FIG. 9 is a perspective view of the martial arts training device mounted on a wall, with a two-arm and one-leg custom variant of a wooden dummy configuration being used by a solo martial arts practitioner as a static training device. The solo practitioner is executing a simultaneous offensive hand strike and hand-and-leg defensive parrying/blocking technique;

FIG. 10A is a perspective view of the martial arts training device being used in a partnered training session for traditional martial arts practice where the holding partner is using a single arm-accessory configuration to simulate a side vectoring-attack for the practitioner to evade and duck under;

FIG. 10B is an additional perspective view of the martial arts training device of FIG. 10A being used in a training session in which the practitioner, upon ducking under the arm accessory, then counter-attacks with a sidekick to the device's primary targeting surface;

FIG. 11A is a perspective view of the martial arts training device being used in a partnered training session for law enforcement techniques practice where the holding partner is using a simulated-armed-suspect accessory configuration for the practitioner to practice suspect subdual techniques utilizing a police baton;

FIG. 11B is an additional view of the martial arts training device of FIG. 11A being used in a partnered training session for law enforcement training in which, upon subduing the simulated-armed-suspect, the officer proceeds to quick-draw and utilize his service pistol for suspect apprehension;

FIG. 12A is a perspective view of the martial arts training device being used in a partnered training session for military bayonet techniques where the holding partner is using a simulated enemy rifle-and-bayonet accessory configuration, and the practitioner parries the accessory with his own training rifle-and-bayonet;

FIG. 12B is an additional view of the martial arts training device of FIG. 12A being used in a training session in which, upon parrying the enemy bayonet, the practitioner then steps to the simulated enemy's “inside” and counter-attacks with a bayonet strike to the device's primary targeting surface;

FIG. 13A is a perspective view of the martial arts training device being used in a partnered training session for traditional martial arts weapons training, here, with traditional, Kendo-style, “shinai” training swords, where the holding partner is using a simulated sword accessory configuration, and the practitioner deflects the accessory with a training sword;

FIG. 13B is an additional view of the martial arts training device of FIG. 13A being used in a training session in which, upon parrying the simulated opponent's sword, the practitioner then counter-attacks with a sword strike to the martial arts training device's primary targeting surface;

FIG. 14A is a perspective view of the martial arts training device mounted on a stand with a target pad accessory attached in a vertical orientation for a solo practitioner to train in side-vectoring strikes, e.g., a crescent kick;

FIG. 14B is a perspective view of the martial arts training device mounted on a stand with a target pad accessory attached in a horizontal orientation for a solo practitioner to train in vertical-vectoring strikes, e.g., an uppercut punch;

FIG. 15 is a perspective view depicting a group of practitioners' mixed use of several units of the martial arts training device in a dojo context, such as solo wall-mounted and stand-mounted use; partnered use; and training in a variety of unarmed and armed techniques. This group example illustrates the martial arts training device's versatility in a multitude of simultaneous uses.
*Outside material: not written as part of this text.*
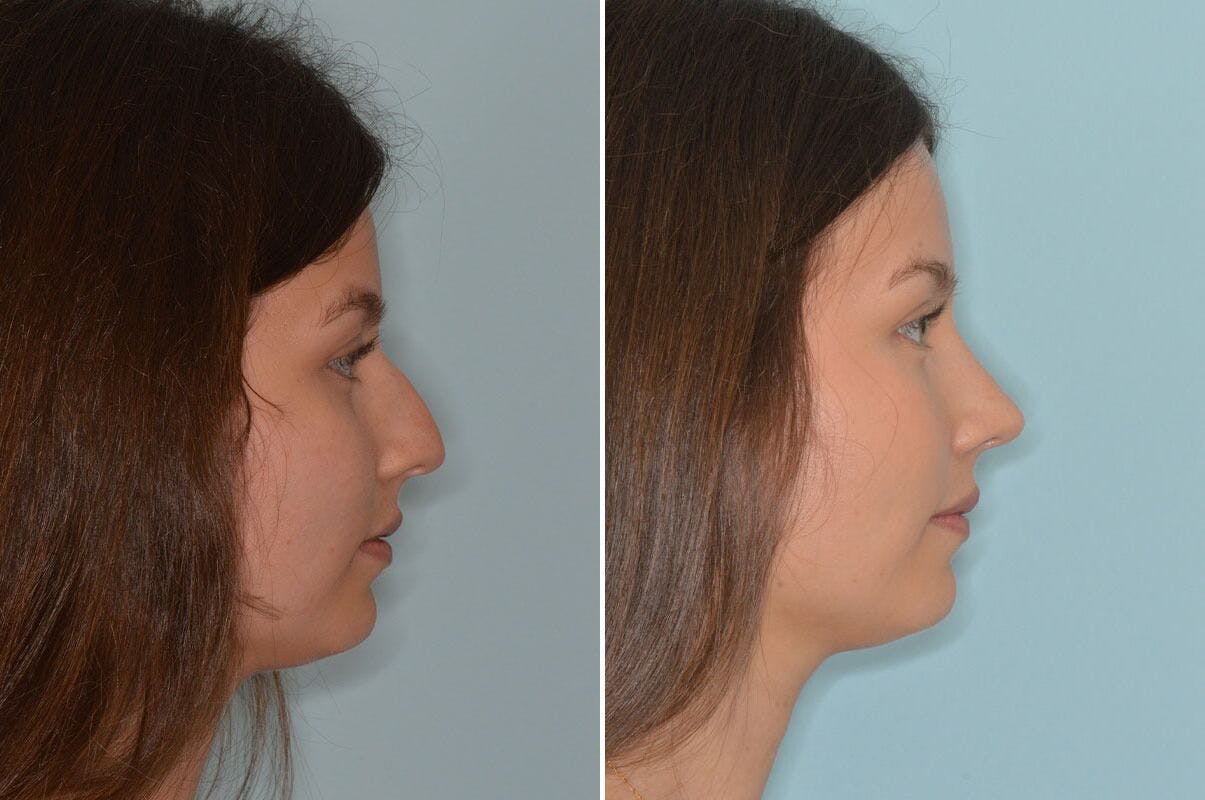 Rhinoplasty before and after, lateral right.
FIG. 16 is a level side view of an example of additional anchoring components, such as hook-and-loop fasteners, snap-on-clips, etc., on a fragmented arm accessory's attachment section's tip and with flexible straps, vis-à-vis a fragmented side, cross-sectional view of a base unit with corresponding anchoring components;

FIG. 17A is an example of an alternative shape and dimensions for the base unit. In this example, the base unit has a rectangular level frontal profile, but the thickness/girth dimension has a semicircular/demi-column profile, simulating a curved user interface, for example, similar to a heavy bag, or to the traditional Wing Chun Kung Fu Wooden Dummy.

FIG. 17B is an example of an alternative shape and dimensions for the base unit. In this example, the base unit has a human-outline level frontal profile for military and/or law enforcement training, analogous to human-outline-shaped paper targets for firearms; and,

FIG. 18 is a level frontal cross-sectional view of the martial arts training device which shows additional placements for apertures along the periphery of the two flank-facing, top-facing, and bottom-facing surfaces for simulating additional opponent attacks and offering additional targeting surfaces, e.g., a target pad accessory, arm accessory, and target plug accessory are placed in pre-attachment orientation with regard to the base unit.
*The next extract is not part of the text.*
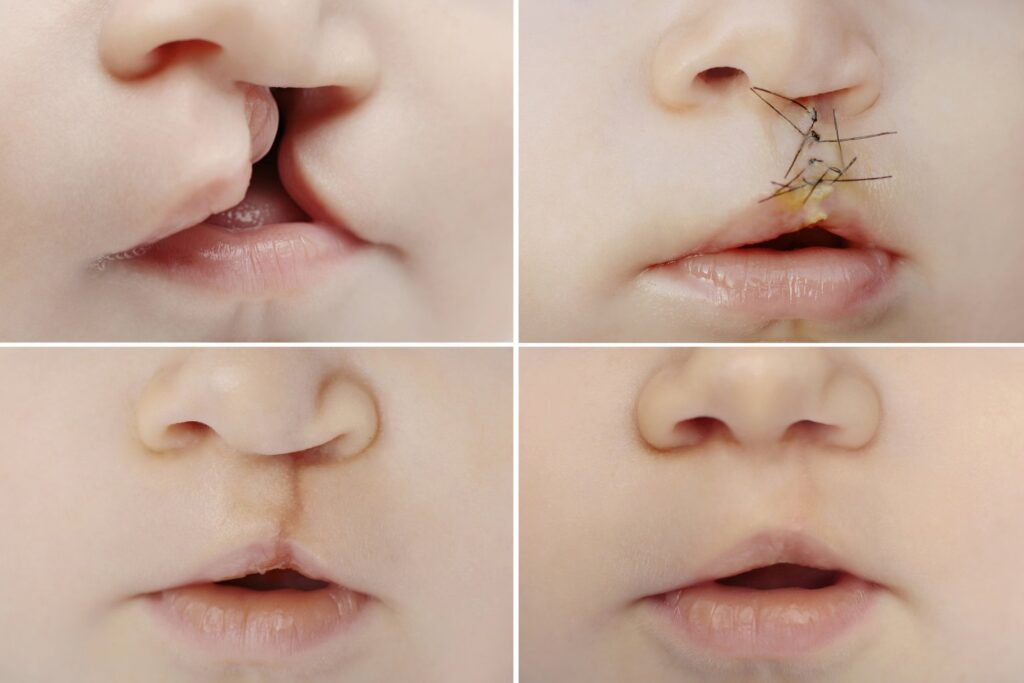 Cleft Lip & Palate surgery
DETAILED DESCRIPTION OF THE DRAWINGS

FIG. 1 depicts a perspective view of the body or “base unit” 100 of a martial arts training device. The training device body 100 is oriented in an upright manner, where the top side 140 faces the ceiling, which is the device's primary orientation consistent with being mounted on a support structure such as a wall, stand, etc., or with being manually-held by a training partner. One vertical handle 121, attached to a flank side 120, is visible in this view. The primary-user interface for a practitioner is the front surface 110, which in this embodiment, is a rectangular targeting surface with a width and height that approximates an opponent's shoulder width and trunk length, e.g., about 15 inches wide and about 35 inches high, although these dimensions may vary, for example, by about 1 or 2 inches each way. The front surface has a plurality of apertures 111 for insertion and attachment of accessories. Each aperture 111 is of sufficient width and depth (e.g., between about 1 inch and about 3 inches wide, and between about 5 inches and about 10 inches deep) to snugly hold and secure an accessory's attachment section during training contact.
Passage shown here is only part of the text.